• **Work item**
Restate the records word for word. Include no pictures.

Data items
+ + + + +

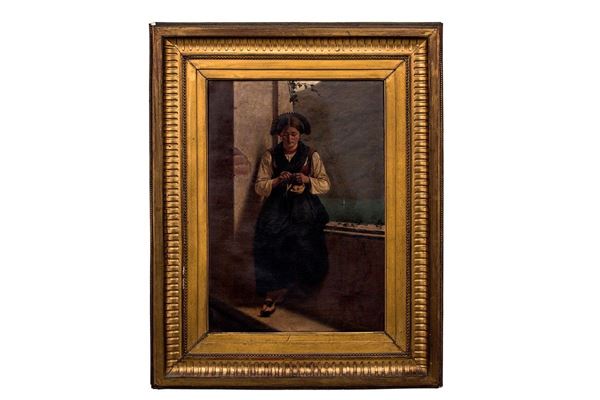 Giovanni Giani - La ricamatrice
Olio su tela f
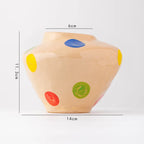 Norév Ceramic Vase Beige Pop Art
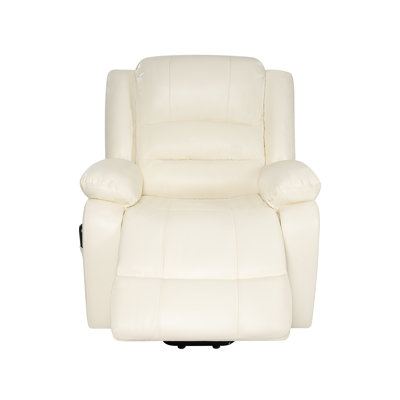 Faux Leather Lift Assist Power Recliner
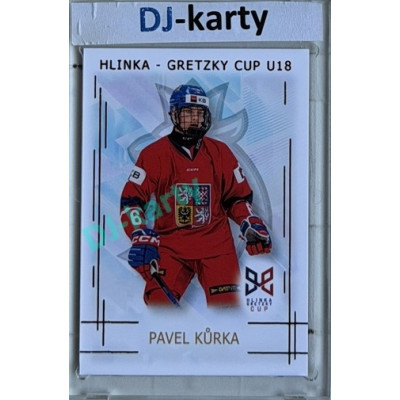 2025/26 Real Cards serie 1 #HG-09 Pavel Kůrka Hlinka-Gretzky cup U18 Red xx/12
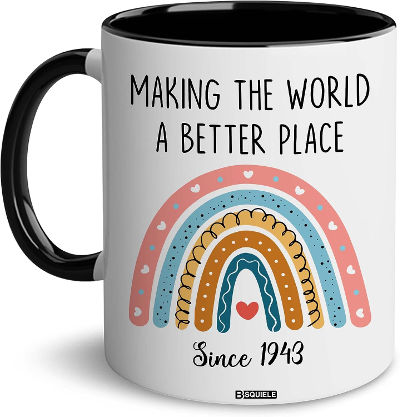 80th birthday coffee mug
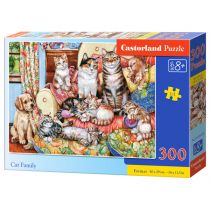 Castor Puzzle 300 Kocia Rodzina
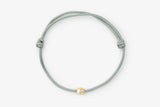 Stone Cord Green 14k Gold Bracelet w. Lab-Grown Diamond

+ + + + +

• **Solution to this problem**
 Giovanni Giani - La ricamatrice
Olio su tela f
 Norév Ceramic Vase Beige Pop Art
 Faux Leather Lift Assist Power Recliner
 2025/26 Real Cards serie 1 #HG-09 Pavel Kůrka Hlinka-Gretzky cup U18 Red xx/12
 80th birthday coffee mug
 Castor Puzzle 300 Kocia Rodzina
 Stone Cord Green 14k Gold Bracelet w. Lab-Grown Diamond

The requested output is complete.